Never more clearly than in two French satirical plays by Moliere, Tartuffe and The Misanthrope, do we find the longing to know and be known. Humans are born with the hard wiring to read the intentions of others but many of us have that capacity thwarted during childrearing when caregivers contradict the reality of children with reprimands such as ‘You don’t want that’; or ‘Yes, you are cold’; or ‘You don’t mean that’; the worst case scenario might well be denial of sexual abuse when adults pretend with children that it is not happening. Thus we learn to doubt what we know to be so. Because children’s survival depends on attachment, children acquiesce their own reality to that of their caregivers.
Tartuffe, a con artist who dupes Orgon of all his property by posing as a Holy Man and turning Orgon against his own family, is seen by all except Orgon and his mother Madam Pernelle for the imposter he is. How did Orgon become so unseeing? Part of the answer surely lies with transgenerational transmission of attacks on the reality of others. Mme Pernelle accuses her grandchildren of not listening to her but it is she who prattles on, insulting her grandchildren and her daughter-in-law Elmire. She also contradicts them about Tartuffe’s character insisting “all of you Must love him” and “Rubbish!” (Act One, Scene I). Orgon has learned from his mother that relationship can have only one subject, not accommodating the other’s reality, and so inflicts the same on his daughter Marianne. Wishing to force her to marry Tartuffe, he tells her “Because I am resolved it shall be true. That it’s my wish should be enough for you.” (Act Two, Scene 1)

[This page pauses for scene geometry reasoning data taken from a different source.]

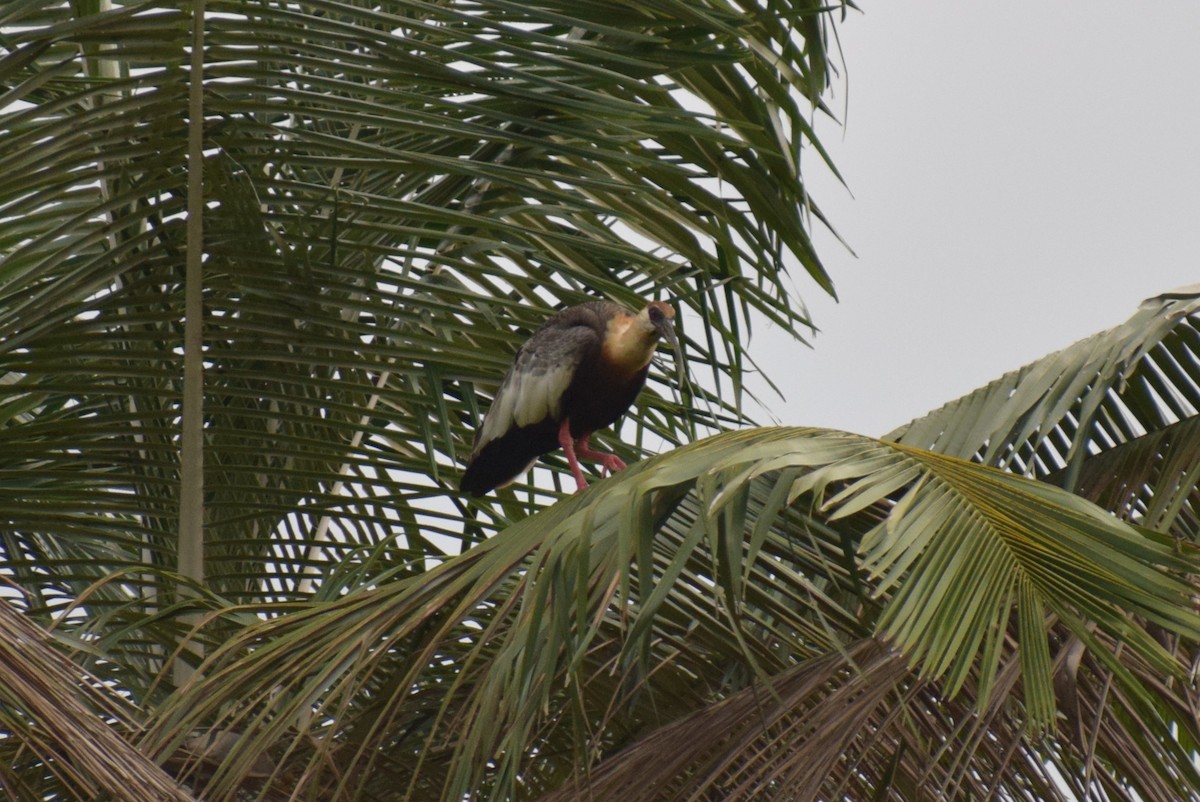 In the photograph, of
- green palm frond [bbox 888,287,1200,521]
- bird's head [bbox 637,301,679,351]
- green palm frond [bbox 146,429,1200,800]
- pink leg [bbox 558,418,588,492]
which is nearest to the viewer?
green palm frond [bbox 146,429,1200,800]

While Tratuffe is sometimes also named The Hypocrite, we also find great hypocrisy in The Misanthrope, a later play in which Moliere made more subtle his spoofing so as not to so plainly offend the Church and the Aristocracy. Our misanthrope Alceste claims to dislike all the courtly flatterers who, behind the backs of others, gossip and malign. He speaks his opinion, mostly tactlessly, and pleads for authenticity from others. Meanwhile, Alceste loves a young widow Celimene who herself embodies all the disingenuousness against which Alceste rails, an illustration of how we are multiple selves, at times heroically going against the politesse, at times foolishly expecting the ideal to be concretized. Alceste might seek out Celimene perhaps because offstage (behind closed doors) Celimene and Alceste share their ‘true’ selves with one another. Alceste says to her, “Let’s speak with open hearts, then and begin…” (last line, Act Two, Scene 1)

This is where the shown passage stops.